From: Tvrtko Ursulin <tvrtko.ursulin@linux.intel.com>
To: Tvrtko Ursulin <tursulin@ursulin.net>,
igt-dev@lists.freedesktop.org, Intel-gfx@lists.freedesktop.org,
Tvrtko Ursulin <tvrtko.ursulin@intel.com>
Subject: Re: [igt-dev] [PATCH i-g-t] tests/perf_pmu: Handle CPU hotplug failures better
Date: Fri, 23 Feb 2018 14:20:59 +0000 [thread overview]
Message-ID: <37e6341c-67c2-ac09-6f3d-806895344c2d@linux.intel.com> (raw)
In-Reply-To: <20180223115837.limfwpxjpyotnvvt@platvala-desk.ger.corp.intel.com>
On 23/02/2018 11:58, Petri Latvala wrote:
> On Fri, Feb 23, 2018 at 11:34:53AM +0000, Tvrtko Ursulin wrote:
>> From: Chris Wilson <chris@chris-wilson.co.uk>
>>
>> CPU hotplug, especially CPU0, can be flaky on commodity hardware.
>>
>> To improve test reliability and reponse times when testing larger runs we
>> need to handle those cases better.
>>
>> Handle failures to off-line a CPU by immediately skipping the test, and
>> failures to on-line a CPU by immediately rebooting the machine.
>>
>> This patch includes igt_sysrq_reboot implementation from Chris Wilson.
>>
>> Signed-off-by: Tvrtko Ursulin <tvrtko.ursulin@intel.com>
>> Cc: Chris Wilson <chris@chris-wilson.co.uk>
>> ---
>> lib/Makefile.sources | 2 ++
>> lib/igt_sysrq.c | 22 ++++++++++++++++++++++
>> lib/igt_sysrq.h | 30 ++++++++++++++++++++++++++++++
>> lib/meson.build | 2 ++
>> tests/perf_pmu.c | 42 ++++++++++++++++++++++++++++++++++--------
>> 5 files changed, 90 insertions(+), 8 deletions(-)
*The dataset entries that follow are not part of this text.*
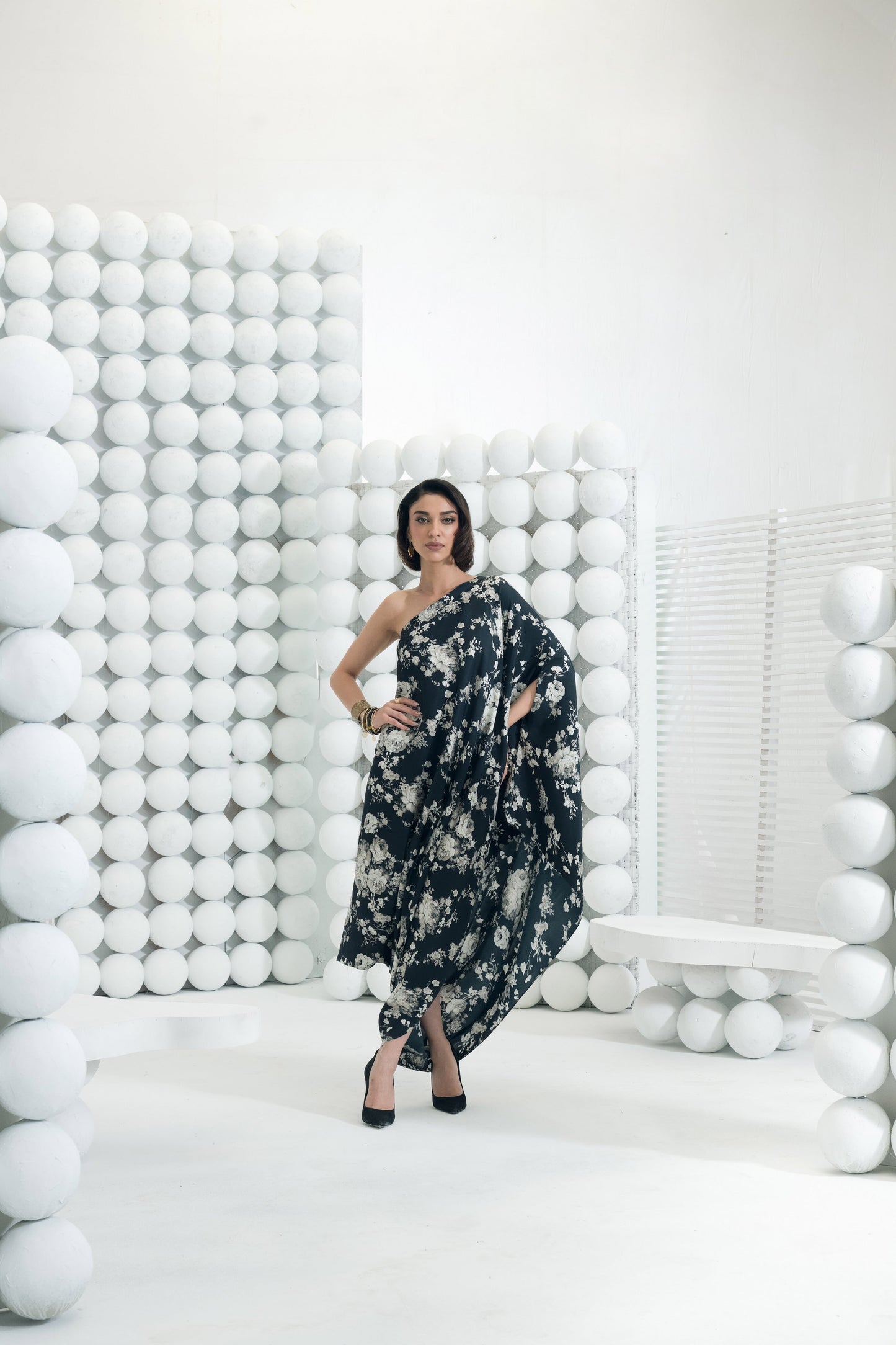 Tara Black One Shoulder Cowl Dress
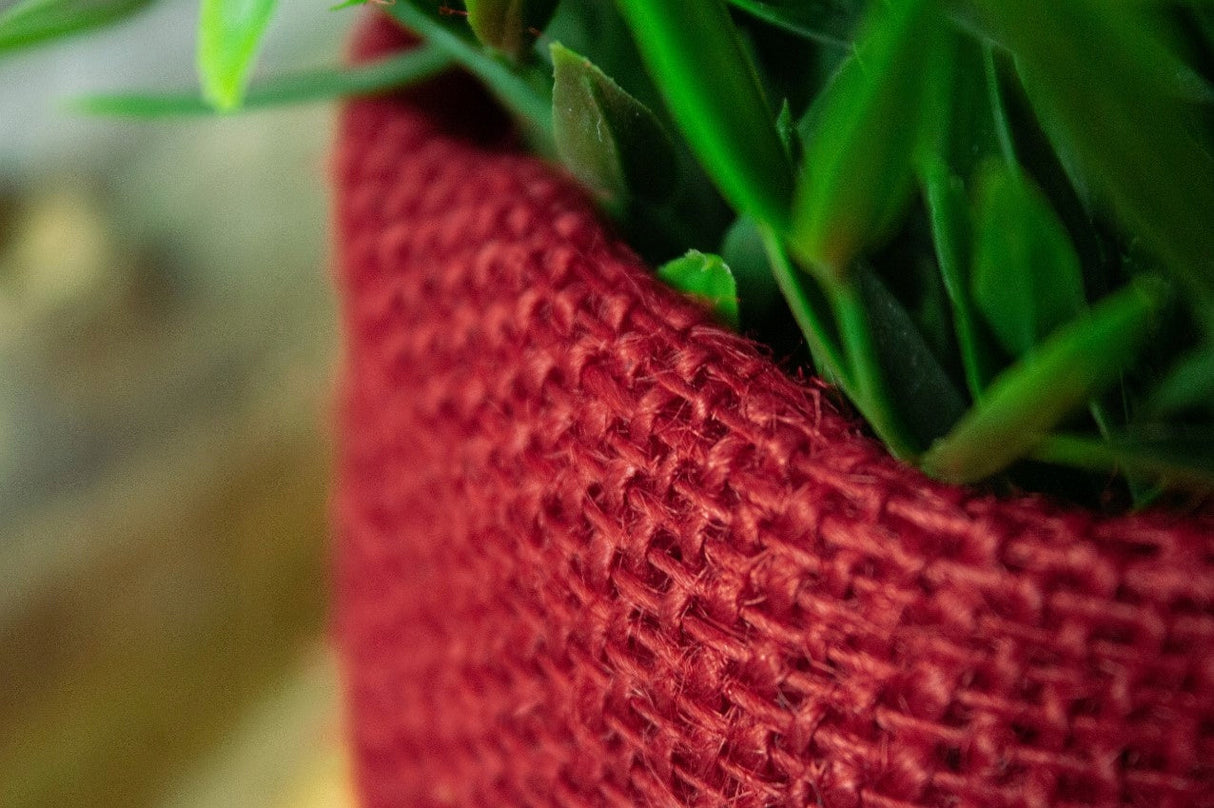 Laminierte Jute-Blumentopfhülle 16x11cm rot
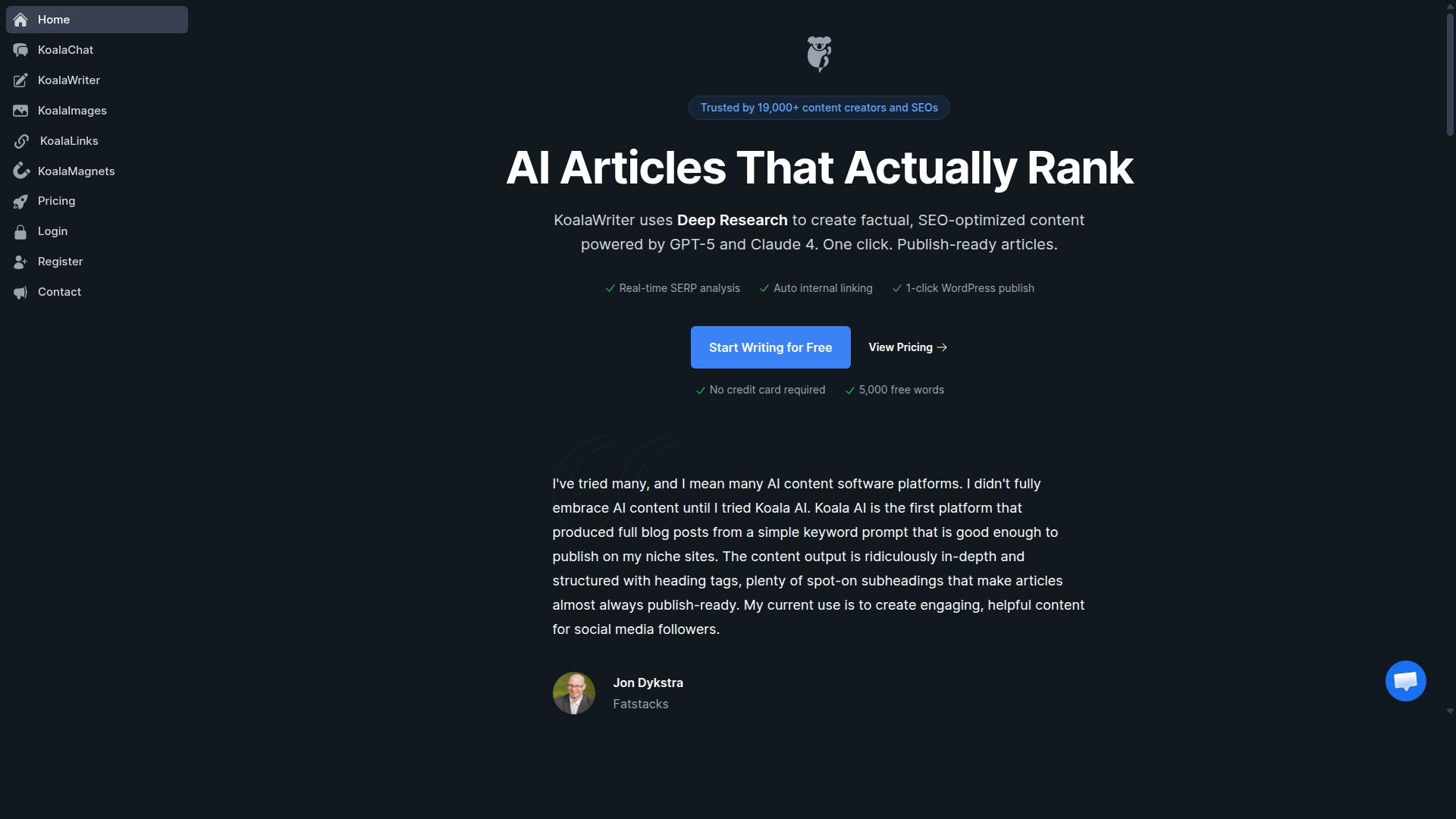 KoalaWriter website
>> create mode 100644 lib/igt_sysrq.c
>> create mode 100644 lib/igt_sysrq.h
>>
>> diff --git a/lib/Makefile.sources b/lib/Makefile.sources
>> index 5b13ef8896c0..3d37ef1d1984 100644
>> --- a/lib/Makefile.sources
>> +++ b/lib/Makefile.sources
>> @@ -35,6 +35,8 @@ lib_source_list = \
>> igt_stats.h \
>> igt_sysfs.c \
>> igt_sysfs.h \
>> + igt_sysrq.c \
>> + igt_sysrq.h \
>> igt_x86.h \
>> igt_x86.c \
>> igt_vgem.c \
>> diff --git a/lib/igt_sysrq.c b/lib/igt_sysrq.c
>> new file mode 100644
>> index 000000000000..fe3d2e344ff1
>> --- /dev/null
>> +++ b/lib/igt_sysrq.c
>> @@ -0,0 +1,22 @@
>> +#include <unistd.h>
>> +#include <fcntl.h>
>> +#include <stdlib.h>
>> +#include <sys/reboot.h>
>> +
>> +#include "igt_core.h"
>> +
>> +#include "igt_sysrq.h"
>> +
>> +void igt_sysrq_reboot(void)
>> +{
>> + sync();
>> +
>> + /* Try to be nice at first, and if that fails pull the trigger */
>> + if (reboot(RB_AUTOBOOT)) {
>> + int fd = open("/proc/sysrq-trigger", O_WRONLY);
>> + igt_ignore_warn(write(fd, "b", 2));
>> + close(fd);
>> + }
>> +
>> + abort();
>> +}
>
>
> While the cause for taking this action might be dire, rebooting
> people's machines can be kind of a dick move, even considering they're
> running tests that can be fatal to the machine in other ways.
>
> We have IGT_HANG and IGT_HANG_WITHOUT_RESET so the users can opt
> in/out of some fatal behaviour already. I'm fine with auto-rebooting,
> even as the default, if users can opt out of it with
> IGT_NO_REBOOT_PRETTY_PLEASE or so.
I am fine with something like that. Just lets define how to call the env
variable and what the default should be?
Do we have a return code from a test which stops the test runner?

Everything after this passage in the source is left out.